10.1 Data Loading and Preparation
10.1.1 Load Data
We begin by loading the dataset titled “Absenteeism at work” from an online CSV file. The code snippet below imports the data into our R environment, utilizing a semicolon as the delimiter to ensure accurate column separation. This step allows us to have the necessary data ready for detailed analysis and modeling in our study on absenteeism.
absenteeism <- read.csv(
"https://ljkelly3141.github.io/datasets/bi-book/Absenteeism_at_work.csv",
sep = ";"
)Now, lets take a quite look at the data.

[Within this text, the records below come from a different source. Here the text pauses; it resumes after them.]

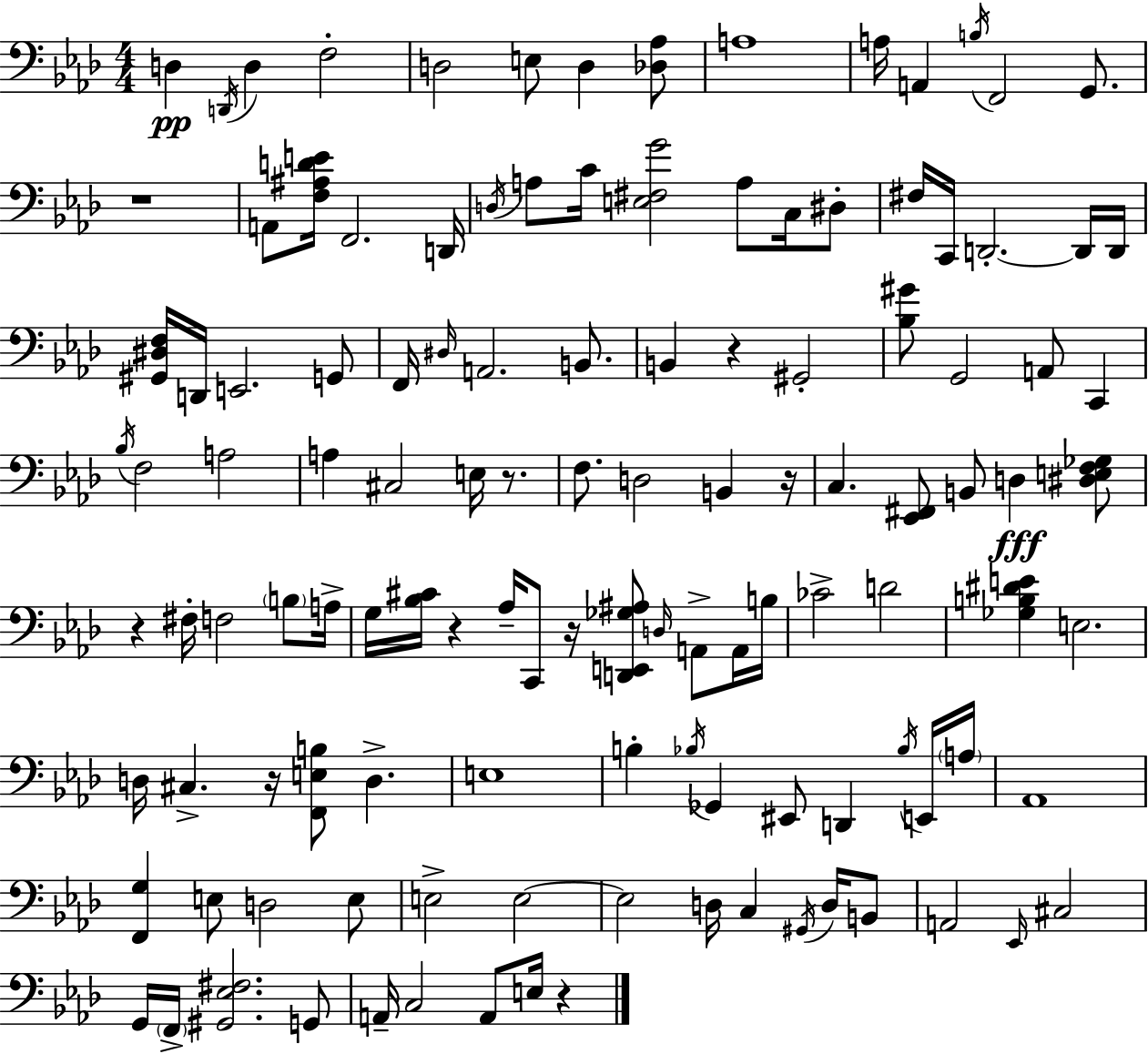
D3/q D2/s D3/q F3/h D3/h E3/e D3/q [Db3,Ab3]/e A3/w A3/s A2/q B3/s F2/h G2/e. R/w A2/e [F3,A#3,D4,E4]/s F2/h. D2/s D3/s A3/e C4/s [E3,F#3,G4]/h A3/e C3/s D#3/e F#3/s C2/s D2/h. D2/s D2/s [G#2,D#3,F3]/s D2/s E2/h. G2/e F2/s D#3/s A2/h. B2/e. B2/q R/q G#2/h [Bb3,G#4]/e G2/h A2/e C2/q Bb3/s F3/h A3/h A3/q C#3/h E3/s R/e. F3/e. D3/h B2/q R/s C3/q. [Eb2,F#2]/e B2/e D3/q [D#3,E3,F3,Gb3]/e R/q F#3/s F3/h B3/e A3/s G3/s [Bb3,C#4]/s R/q Ab3/s C2/e R/s [D2,E2,Gb3,A#3]/e D3/s A2/e A2/s B3/s CES4/h D4/h [Gb3,B3,D#4,E4]/q E3/h. D3/s C#3/q. R/s [F2,E3,B3]/e D3/q. E3/w B3/q Bb3/s Gb2/q EIS2/e D2/q Bb3/s E2/s A3/s Ab2/w [F2,G3]/q E3/e D3/h E3/e E3/h E3/h E3/h D3/s C3/q G#2/s D3/s B2/e A2/h Eb2/s C#3/h G2/s F2/s [G#2,Eb3,F#3]/h. G2/e A2/s C3/h A2/e E3/s R/q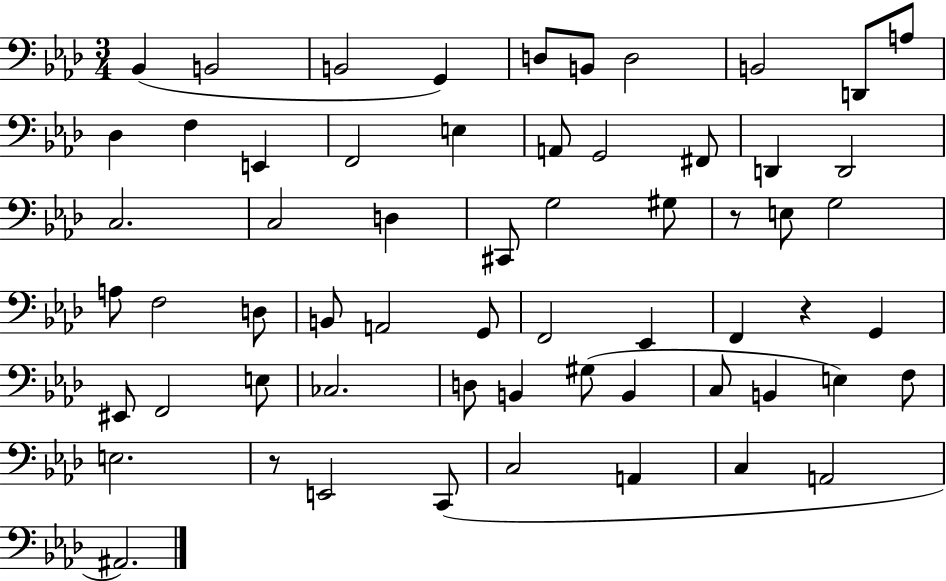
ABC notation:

X:1
T:Untitled
M:3/4
L:1/4
K:Ab
_B,, B,,2 B,,2 G,, D,/2 B,,/2 D,2 B,,2 D,,/2 A,/2 _D, F, E,, F,,2 E, A,,/2 G,,2 ^F,,/2 D,, D,,2 C,2 C,2 D, ^C,,/2 G,2 ^G,/2 z/2 E,/2 G,2 A,/2 F,2 D,/2 B,,/2 A,,2 G,,/2 F,,2 _E,, F,, z G,, ^E,,/2 F,,2 E,/2 _C,2 D,/2 B,, ^G,/2 B,, C,/2 B,, E, F,/2 E,2 z/2 E,,2 C,,/2 C,2 A,, C, A,,2 ^A,,2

| ID | Reason.for.absence | Month.of.absence | Day.of.the.week | Seasons | Transportation.expense | Distance.from.Residence.to.Work | Service.time | Age | Work.load.Average.day | Hit.target | Disciplinary.failure | Education | Son | Social.drinker | Social.smoker | Pet | Weight | Height | Body.mass.index | Absenteeism.time.in.hours |
|---|---|---|---|---|---|---|---|---|---|---|---|---|---|---|---|---|---|---|---|---|
| 11 | 26 | 7 | 3 | 1 | 289 | 36 | 13 | 33 | 240 | 97 | 0 | 1 | 2 | 1 | 0 | 1 | 90 | 172 | 30 | 4 |
| 36 | 0 | 7 | 3 | 1 | 118 | 13 | 18 | 50 | 240 | 97 | 1 | 1 | 1 | 1 | 0 | 0 | 98 | 178 | 31 | 0 |
| 3 | 23 | 7 | 4 | 1 | 179 | 51 | 18 | 38 | 240 | 97 | 0 | 1 | 0 | 1 | 0 | 0 | 89 | 170 | 31 | 2 |
| 7 | 7 | 7 | 5 | 1 | 279 | 5 | 14 | 39 | 240 | 97 | 0 | 1 | 2 | 1 | 1 | 0 | 68 | 168 | 24 | 4 |
| 11 | 23 | 7 | 5 | 1 | 289 | 36 | 13 | 33 | 240 | 97 | 0 | 1 | 2 | 1 | 0 | 1 | 90 | 172 | 30 | 2 |
| 3 | 23 | 7 | 6 | 1 | 179 | 51 | 18 | 38 | 240 | 97 | 0 | 1 | 0 | 1 | 0 | 0 | 89 | 170 | 31 | 2 |
10.1.2 Prepare the data
The process of analyzing absenteeism within an organization requires precise data handling and transformation to ensure meaningful insights. This section outlines how we manipulate the dataset titled absenteeism using R, employing various data manipulation techniques to prepare it for deeper analysis. Each step in the process builds on the previous one, refining and enriching the dataset to enhance its analytical value. Here is a detailed breakdown:
Step 1. Data Filtering The initial stage of our analysis involves filtering the dataset to focus on employees with substantial duration of service. This ensures that the data reflects stable employment patterns, crucial for reliable analysis.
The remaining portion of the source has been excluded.